L’altération des performances que nous constatons au niveau de la fluidité verbale, n’est pas surprenante. Les travaux de la littérature montrent que celle-ci est atteinte chez les patients SEP (Caine et al., 1986 ; Rao et al., 1991). Nous trouvons, en outre, une corrélation positive et significative entre fluidité verbale et niveau d’études : plus le niveau d’instruction du participant est élevé, plus son score à la fluidité verbale est élevé.

En ce qui concerne la pensée divergente, considérée en partie comme une activité cognitive (Lubart, 1994), les résultats montrent que les patients SEP sont moins créatifs que la population saine.

Contrairement à la littérature, qui présente les femmes comme plus créatives que les hommes (Averill, 1999), nous ne trouvons pas, dans notre étude d’effet de sexe. Il n’existe pas, non plus de corrélation avec l’âge, le handicap fonctionnel ou l’ancienneté de la maladie.

Il existe, en revanche, une corrélation positive entre la créativité émotionnelle et le niveau d’instruction : plus le sujet est instruit, plus le nombre de solutions créatives, qu’il propose pour la résolution d’un problème à composante émotionnelle, est élevé.

Nous observons chez les SEP un ralentissement dans les temps du traitement de l’information.

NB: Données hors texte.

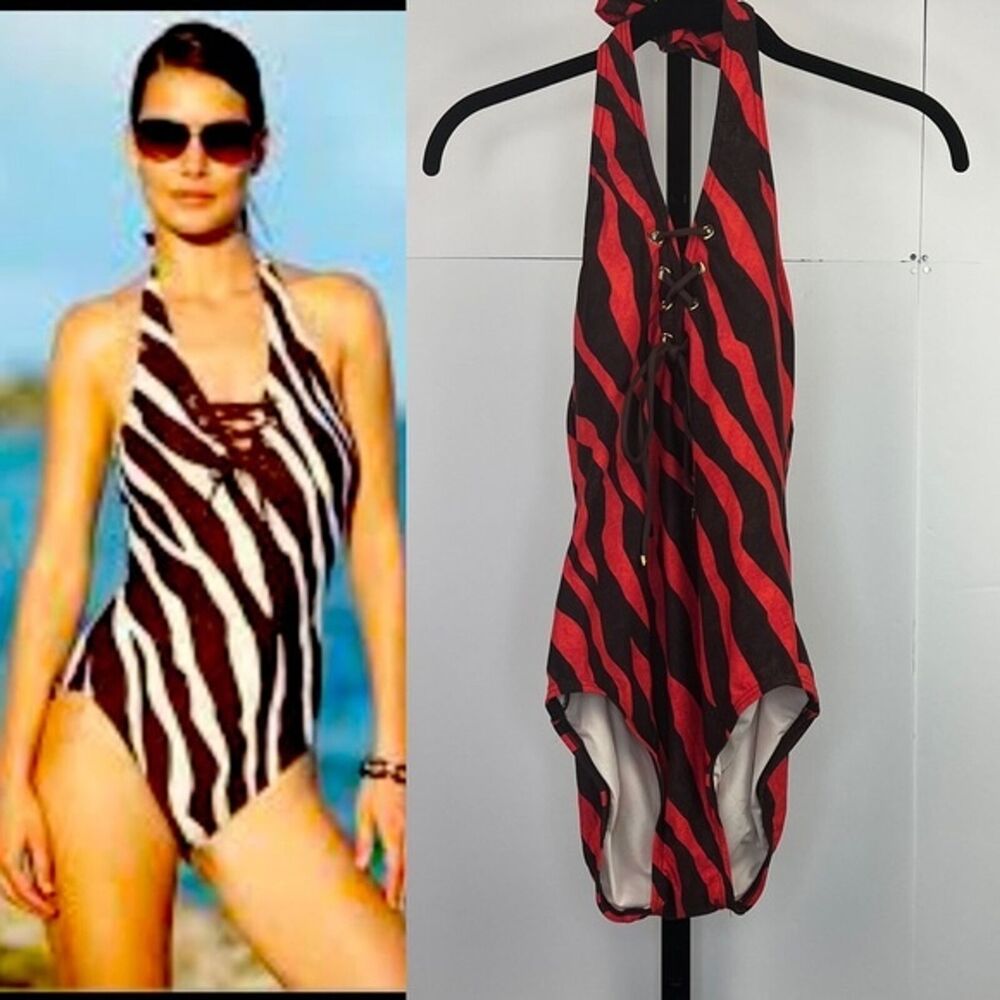 MICHAEL KORS Womens One Piece Swimsuit Size 6 Red Black Zebra Lace Up Halter Tie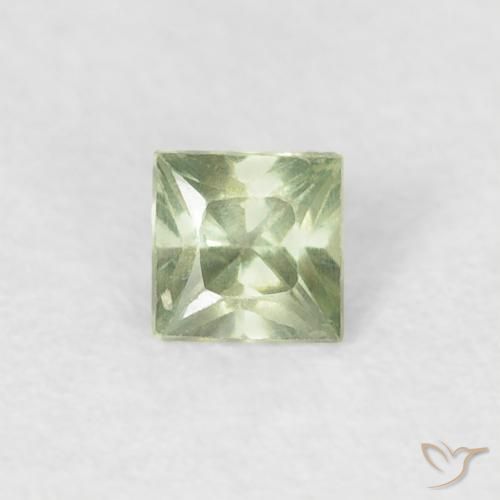 0.20ct 天然 非常に薄いセージグリーン サファイア, 四角形, VS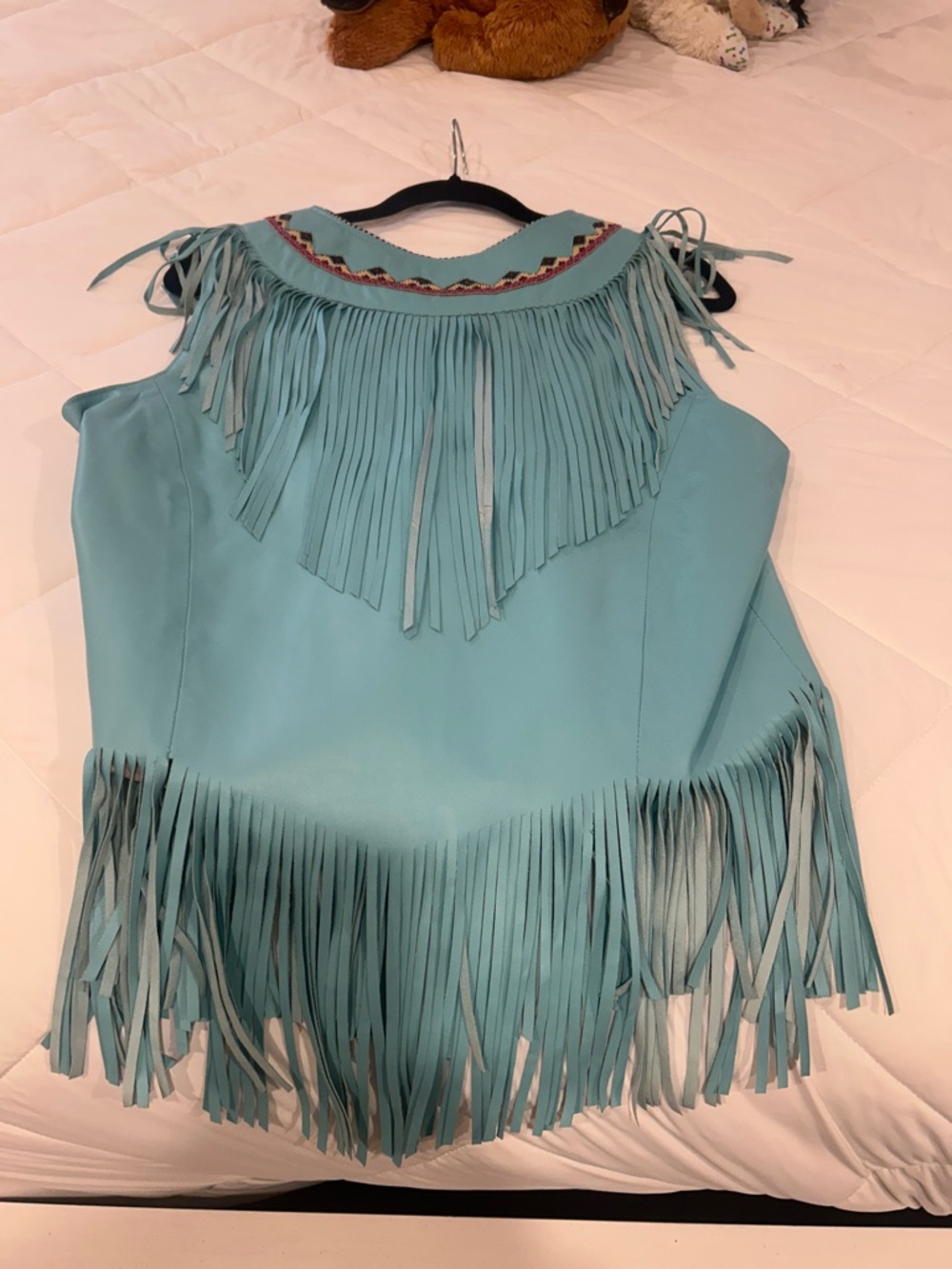 Turquoise Fringe Leather Vest by Tribe - Picture 3 of 7
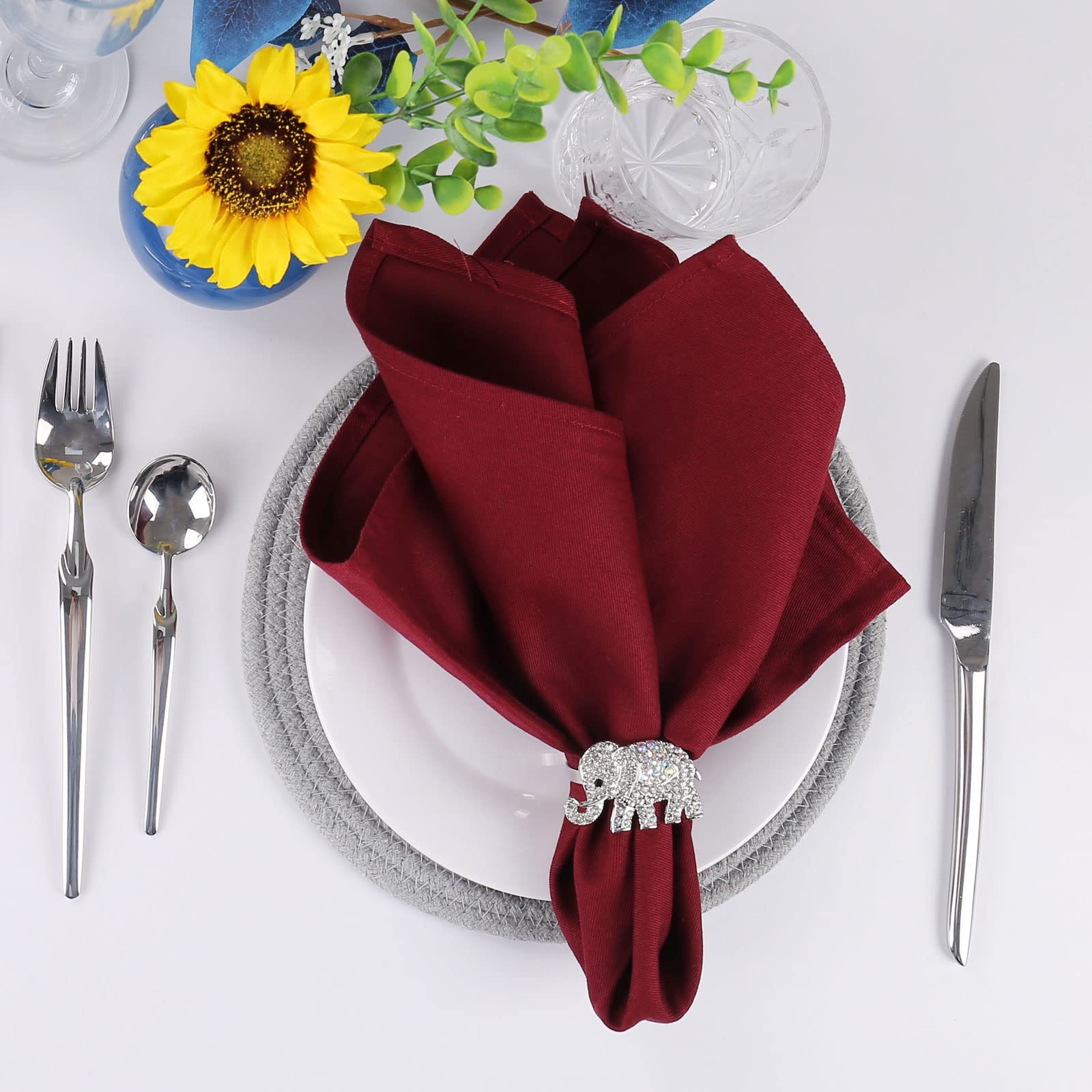 Getfitsoo Christmas Napkin Rings Set Of 4, Thanksgiving Napkin Rings Bells Napkin Rings With Green And Red Bell For Christmas Ta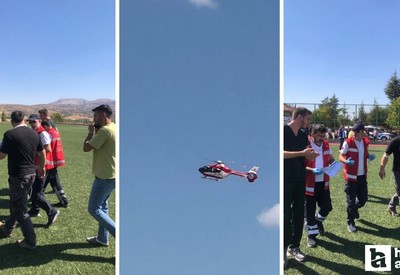 Yozgat'da parmağı kopan vatandaş ambulans helikopterle Ankara'ya sevk edildi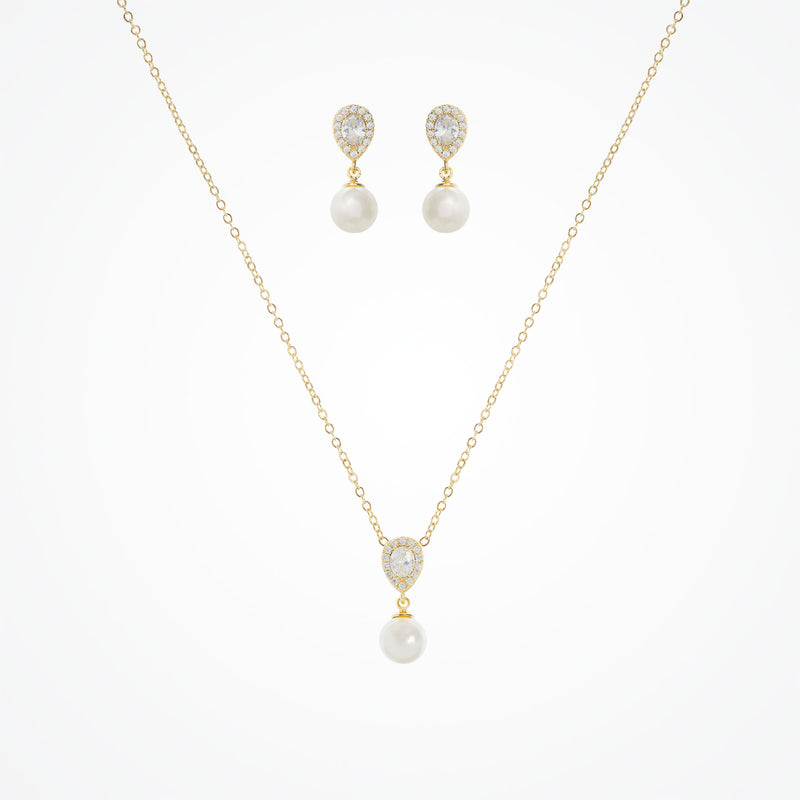 Coco pearl drop earrings and necklace set (gold) - Liberty in Love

Des travaux antérieurs ont, en effet, démontré que les processus de décision sont altérés dans la SEP (Kleeberg et al., 2004) et que près de 25% de patients SEP présentent un ralentissement dans le traitement de l’information, sans que cette altération soit nécessairement en relation avec la complexité de la tâche (Jennekens-Schinkel et al., 1988).

Dans notre étude, ce ralentissement est particulièrement évident dans la tâche de décision lexicale. Il s’agit d’une épreuve qui nous permet d’évaluer la vitesse du traitement de l’information et indirectement, les capacités d’attention, de perception et de mémoire.

Les performances à la décision lexicale sont influencées par le sexe et le niveau d’études des participants. Ainsi, les femmes (m = 17,88, σ = 0,33) sont plus performantes que les hommes (m = 17,53, σ = 0,64) lorsqu’il s’agit d’identifier des mots à connotation émotionnelle négative (δ = 0,35, t = 2,26, p<.05). De l’autre côté, plus le niveau d’instruction du sujet est élevé, plus ses

179 performances dans cette tâche sont satisfaisantes et moins il met de temps pour traiter l’information et prendre sa décision.

Enfin, nous notons que, sur l’ensemble des tâches cognitives, nous n’observons pas de lien significatif entre les performances des sujets et l’ancienneté de la maladie. Dans la littérature il ne semble pas, non plus, exister de lien systématique entre l’aggravation des déficits cognitifs au fil du temps et la durée de la maladie (Pelletier et al., 2000 ; Lyon-Caen et al., 1986 ; Amato et al., 1995, 2001 ; Béquet et al., 2003).

L’ensemble des résultats présentés ci-dessus, nous permet de soutenir que l’atteinte cognitive est plutôt globale dans cet échantillon de 40 patients SEP, contrairement à ce qui est soutenu dans la littérature où l’atteinte apparaît d’habitude circonscrite, limitée à certaines fonctions (Hutchinson et al., 1996 ; Basso et al., 1996).